Ingalls Shipbuilding has delivered 28 Arleigh Burke-class destroyers
to the Navy, including USS William P. Lawrence (DDG 110), which was
commissioned in 2011. With the addition of the DDG 121 contract, Ingalls
now has five new destroyers under construction. U.S. Navy photo
"The DDG 51 program
has been the backbone of Ingalls Shipbuilding for the past three decades,"
said DDG 51 Program Manager George Nungesser. "We now have a
hot production line in the shipyard where we can maintain our highly
skilled shipbuilding crews in the same working areas for each ship.
This will allow increased learning and provide the most efficient
way to reduce cost and schedule while building quality ships for the
United States Navy. We have a lot of experience and talent throughout
our program, and with the facilities to build ships simultaneously,
we will continue to improve as each ship is launched."
The five-ship contract, part of a multi-year procurement in the DDG
51 program, allows Ingalls to build ships more efficiently by buying
bulk material and moving the skilled workforce from ship to ship.
With the contract, Ingalls will be building DDGs over the next decade.
Ingalls has delivered 28 Arleigh Burke-class destroyers to the Navy.

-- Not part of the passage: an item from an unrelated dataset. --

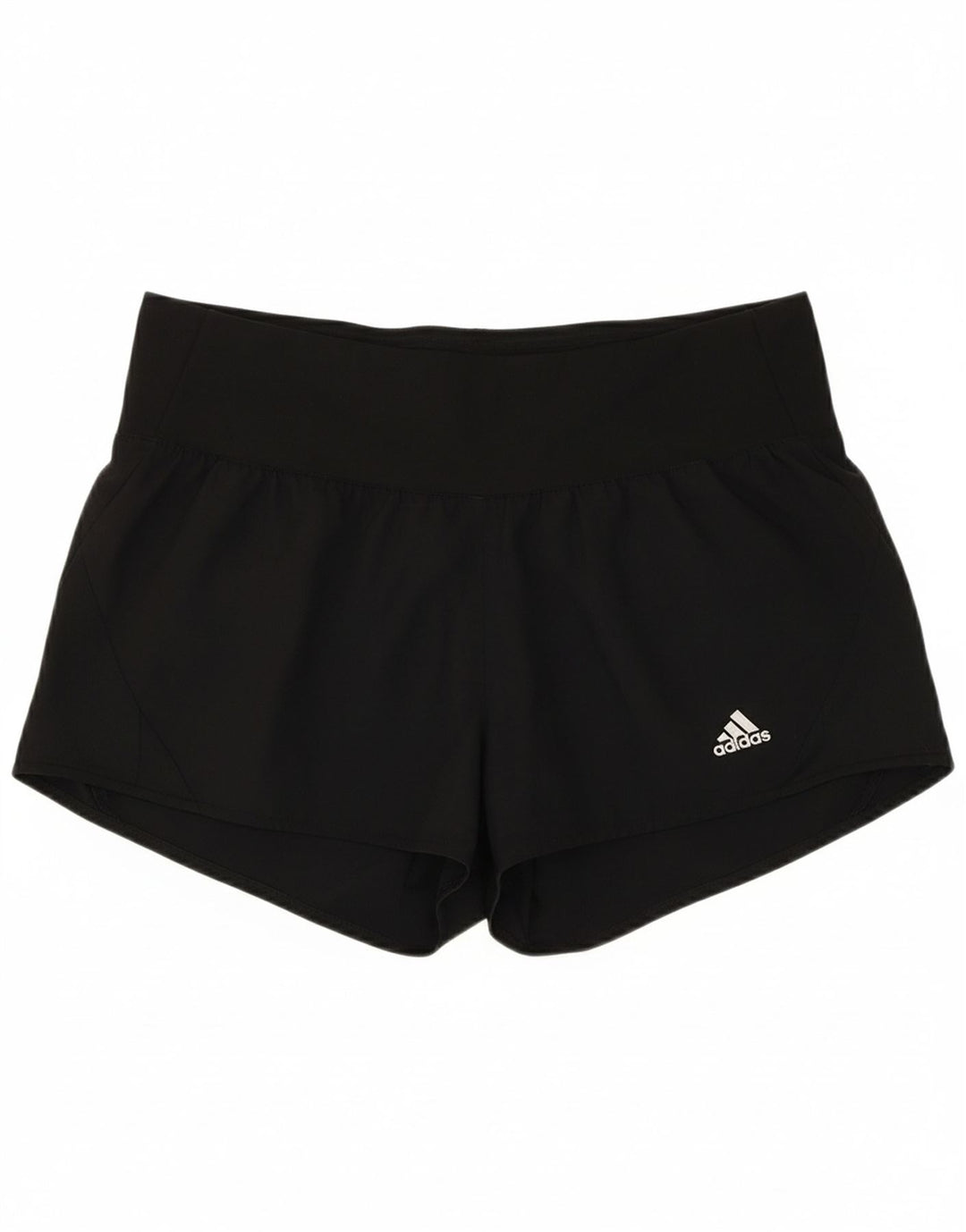 ADIDAS Womens Aeroready Sport Shorts UK 14 Medium  Black Polyester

Destroyers currently under construction at Ingalls are John Finn (DDG
113), Ralph Johnson (DDG 114), Paul Ignatius (DDG 117) and Delbert
D. Black (DDG 119).
Arleigh Burke-class destroyers are highly capable, multi-mission ships
that can conduct a variety of operations, from peacetime presence
and crisis management to sea control and power projection, all in
support of the United States' military strategy. DDGs are capable
of simultaneously fighting air, surface and subsurface threats. The
ship contains a myriad of offensive and defensive weapons designed
to support maritime defense needs well into the 21st century.